**ASSIGNMENT:**
Below is a listing; retype exactly the lines between the one containing "Καθρέπτης Τοίχου Genesis" and the one containing "The Silent Bodybuilder", inclusive, minus the pictures.

**RAW DATA:**
Start of Block

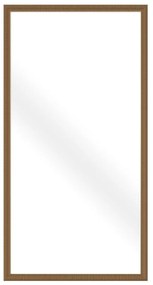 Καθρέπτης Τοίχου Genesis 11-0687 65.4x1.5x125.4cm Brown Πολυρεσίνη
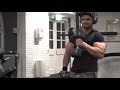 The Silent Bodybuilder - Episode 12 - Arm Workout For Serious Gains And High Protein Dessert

End of Block
Start of Block

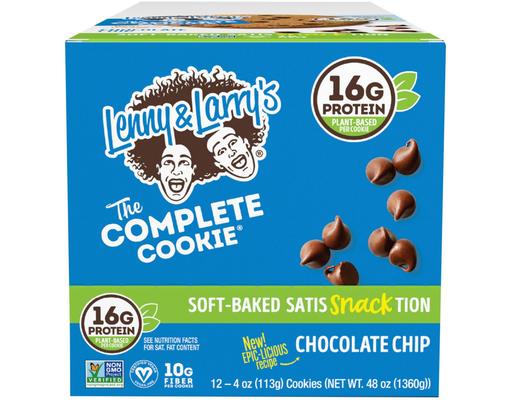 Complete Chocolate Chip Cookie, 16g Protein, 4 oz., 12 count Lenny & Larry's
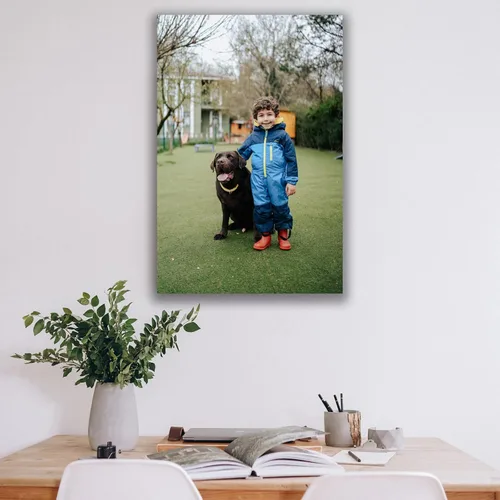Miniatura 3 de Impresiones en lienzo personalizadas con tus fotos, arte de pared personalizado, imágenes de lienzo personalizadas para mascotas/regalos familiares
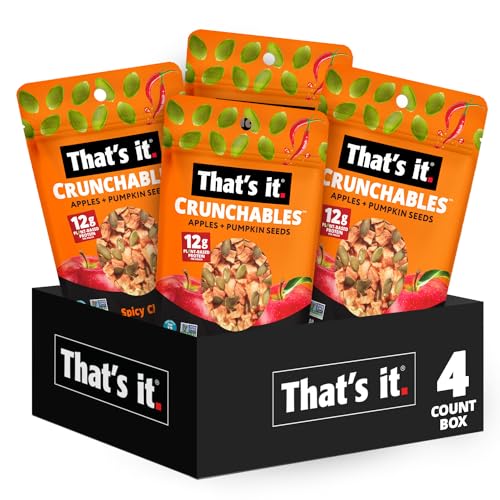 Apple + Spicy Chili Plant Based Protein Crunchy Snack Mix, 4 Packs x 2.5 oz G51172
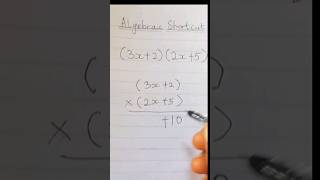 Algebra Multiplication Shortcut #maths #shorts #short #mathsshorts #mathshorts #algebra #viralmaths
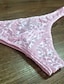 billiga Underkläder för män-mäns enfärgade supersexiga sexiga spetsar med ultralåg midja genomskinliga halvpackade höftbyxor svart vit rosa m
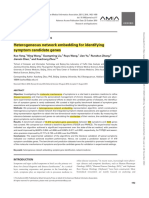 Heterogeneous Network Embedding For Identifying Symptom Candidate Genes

End of Block
Start of Block

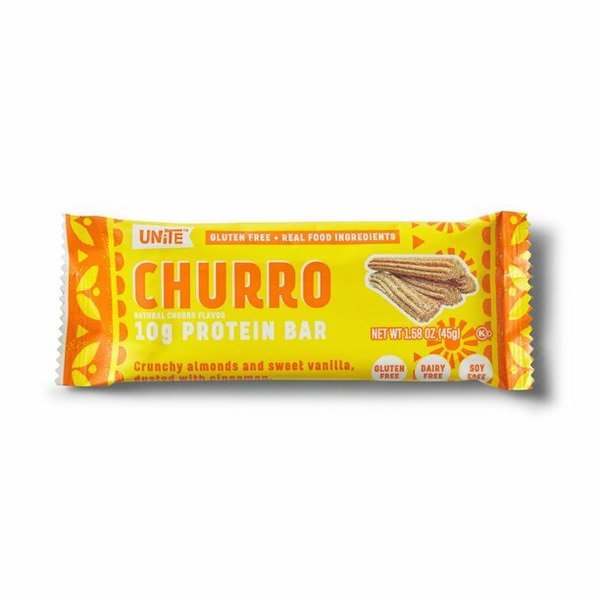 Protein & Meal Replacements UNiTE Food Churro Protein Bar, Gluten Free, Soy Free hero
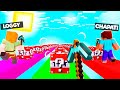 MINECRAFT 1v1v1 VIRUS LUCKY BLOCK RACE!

End of Block

**SOLVED EXERCISE:**
 Καθρέπτης Τοίχου Genesis 11-0687 65.4x1.5x125.4cm Brown Πολυρεσίνη
 The Silent Bodybuilder - Episode 12 - Arm Workout For Serious Gains And High Protein Dessert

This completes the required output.